Current in vitro models for evaluating contact lenses (CLs) and other eye-related applications are severely limited. The presented ocular platform simulates physiological tear flow, tear volume, air exposure and mechanical wear. This system is highly versatile and can be applied to various in vitro analyses with CLs.
Currently, in vitro evaluations of contact lenses (CLs) for drug delivery are typically performed in large volume vials,1-6 which fail to mimic physiological tear volumes.7 The traditional model also lacks the natural tear flow component and the blinking reflex, both of which are defining factors of the ocular environment. The development of a novel model is described in this study, which consists of a unique 2-piece design, eyeball and eyelid piece, capable of mimicking physiological tear volume. The models are created from 3-D printed molds (Polytetrafluoroethylene or Teflon molds), which can be used to generate eye models from various polymers, such as polydimethylsiloxane (PDMS) and agar. Further modifications to the eye pieces, such as the integration of an explanted human or animal cornea or human corneal construct, will permit for more complex in vitro ocular studies. A commercial microfluidic syringe pump is integrated with the platform to emulate physiological tear secretion. Air exposure and mechanical wear are achieved using two mechanical actuators, of which one moves the eyelid piece laterally, and the other moves the eyeballeyepiece circularly. The model has been used to evaluate CLs for drug delivery and deposition of tear components on CLs.
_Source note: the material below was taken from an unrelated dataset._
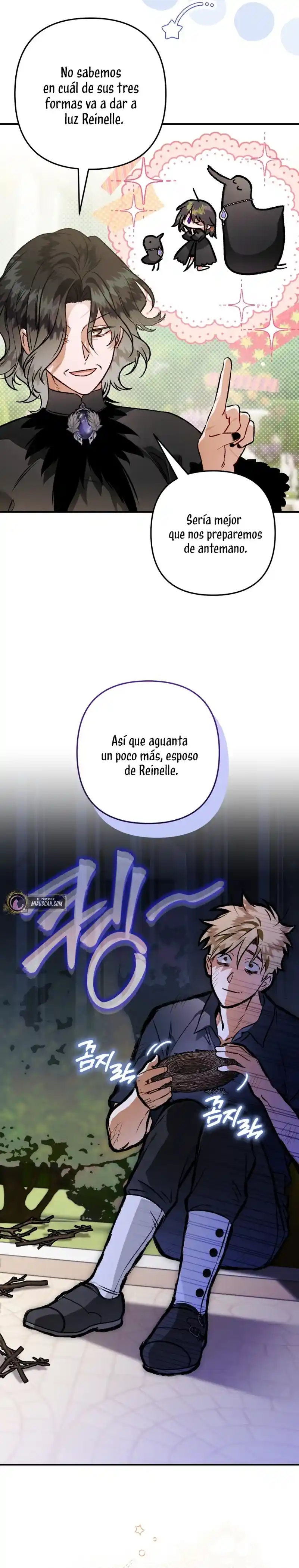 ME HE CONVERTIDO EN UN CUERVO - Capítulo 103 - Página 11 - LectorTMOo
Two significant areas of interest within the contact lens (CL) arena include discomfort and the development of novel CL applications. Elucidating the mechanisms underlying CL discomfort is an issue that has eluded the field for decades.8 The development of novel, functional CLs, such as drug-delivery devices1,3,9 and biosensors,10-12 is an area of growing interest, with substantial potential markets. In both circumstances, a sophisticated in vitro model would provide relevant information to assist with selecting appropriate lens materials or design characteristics during the development phase. Unfortunately, current in vitro models for evaluating CLs and other eye related applications are relatively crude and unsophisticated. Traditionally, in vitro CL studies evaluating tear film deposition or drug delivery are performed in static, large volume vials containing a fixed fluid volume, which greatly exceeds physiological amounts. Furthermore, this simple model lacks the natural tear flow component and the blinking reflex, both of which are defining factors of the ocular environment.
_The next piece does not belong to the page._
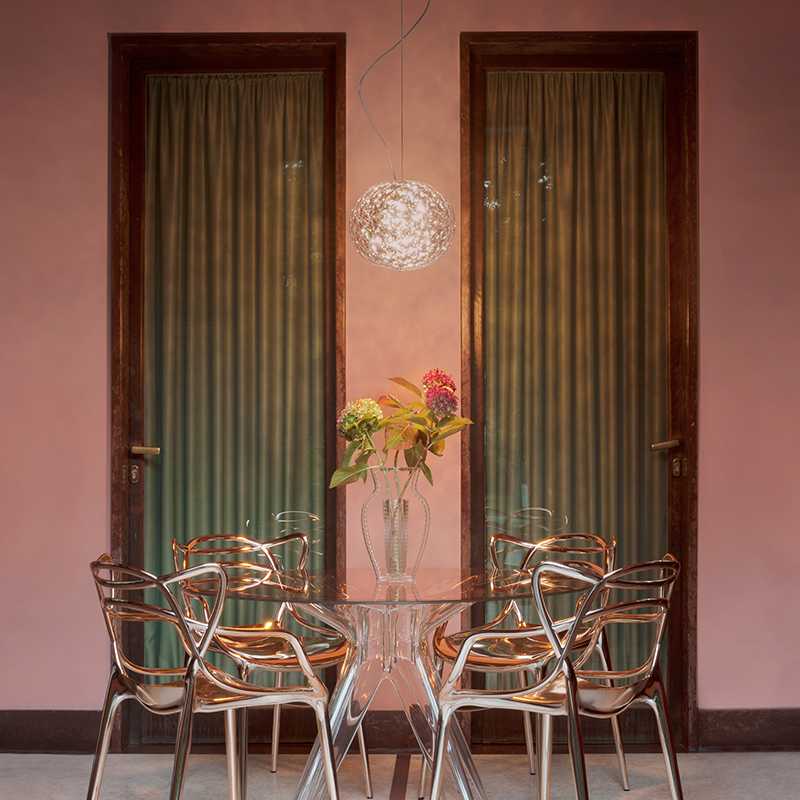 Kartell  カルテル 照明 プラネット（ペンダント） PLANET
The development of a sophisticated, physiologically relevant eye "model" will necessitate a multi-disciplinary approach and require substantial in vivo validation. For these reasons, the fundamental framework for our in vitro eye model is highly versatile, such that the model can be continually improved through future upgrades and modulations. To date, the model is capable of simulating tear volume, tear flow, mechanical wear and air exposure. The aim is to create an in vitro model that will provide meaningful results, which is predictive and complimentary to in vivo and ex vivo observations.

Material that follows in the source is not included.